• **WHAT THE EXERCISE ASKS**
The answer is the first line of the listing and every line after it through the one containing "the hippie girl who", exact, with pictures removed.

Top of COLLECTED MATERIAL

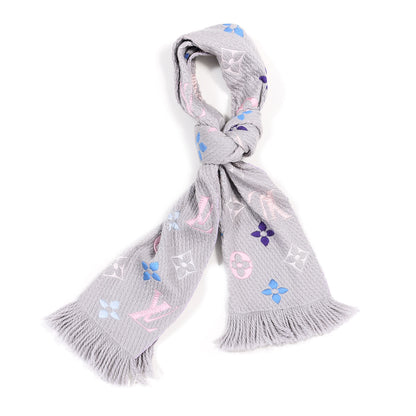 Louis Vuitton Wool Silk Rainbow Logomania Scarf Grey 1 of 4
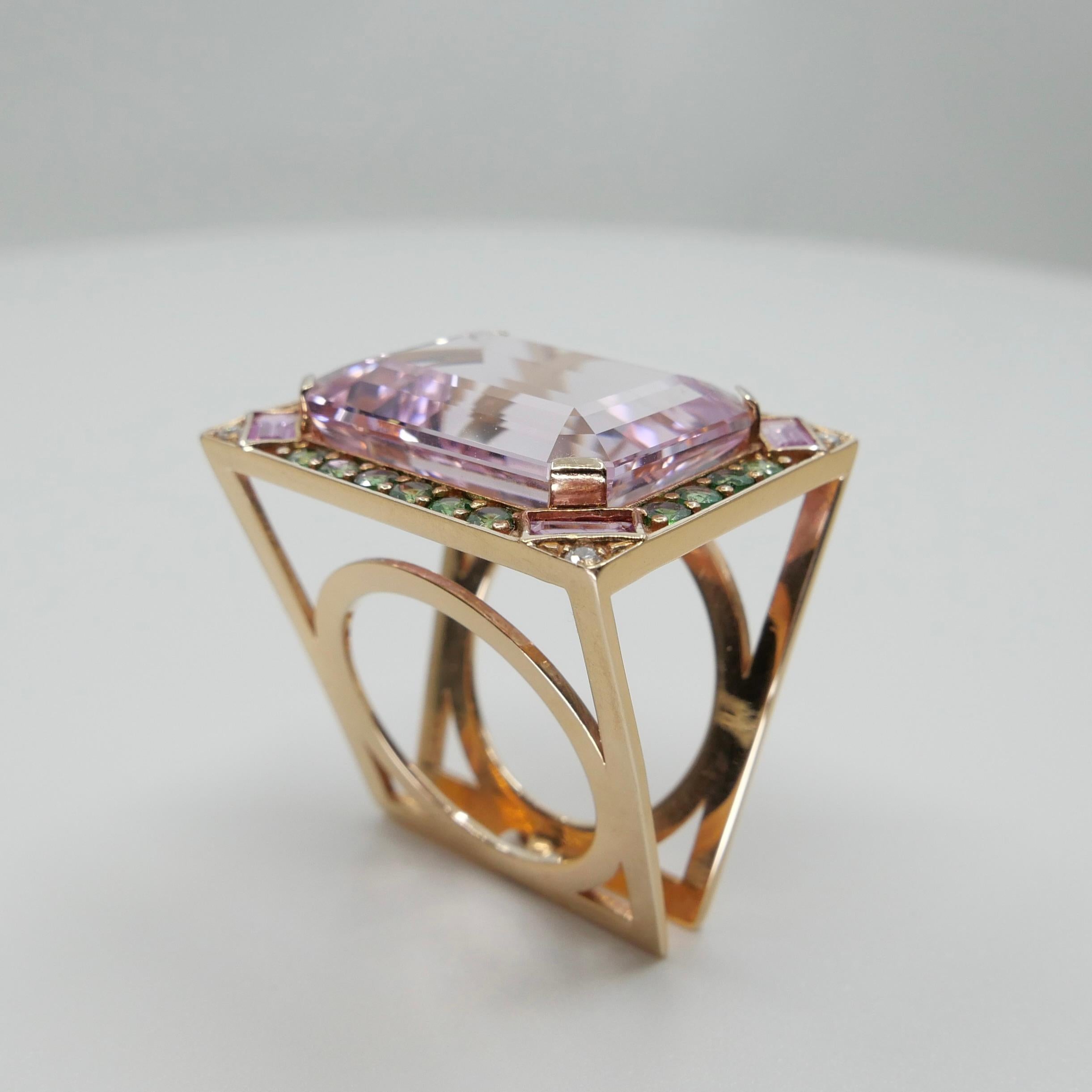 Emerald Cut 26 Cts Kunzite, Pink Sapphires, Tsavorite & Diamond Ring. XXL Statement Piece. For Sale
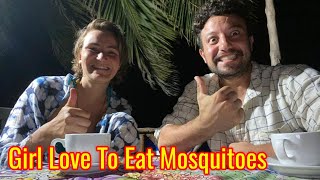 the hippie girl who eats Mosquitoes | the hippie girl loves mosquitoes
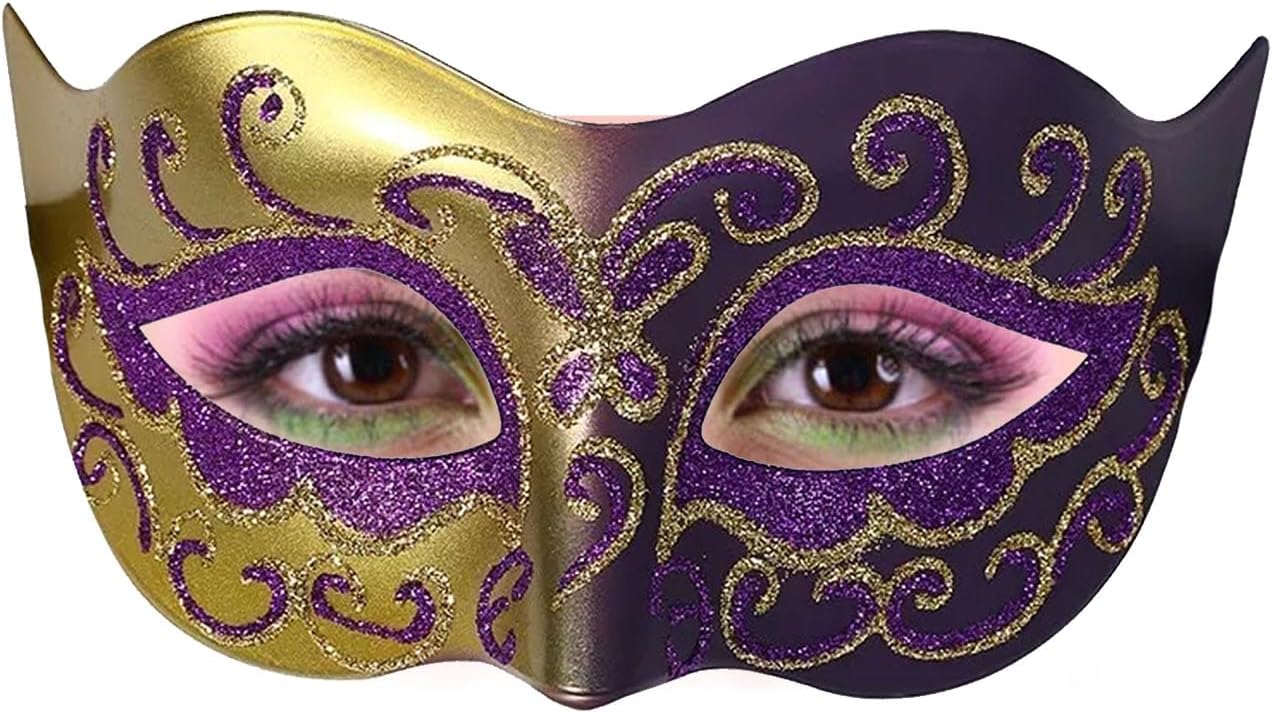 Masquerade Mask for Women Men Couple Venetian Mask Vintage Retro Mask for Halloween Costume Party Mardi Gras (Gold Purple)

Bottom of COLLECTED MATERIAL

• **ANSWER SECTION**
 Louis Vuitton Wool Silk Rainbow Logomania Scarf Grey 1 of 4
 Emerald Cut 26 Cts Kunzite, Pink Sapphires, Tsavorite & Diamond Ring. XXL Statement Piece. For Sale
 the hippie girl who eats Mosquitoes | the hippie girl loves mosquitoes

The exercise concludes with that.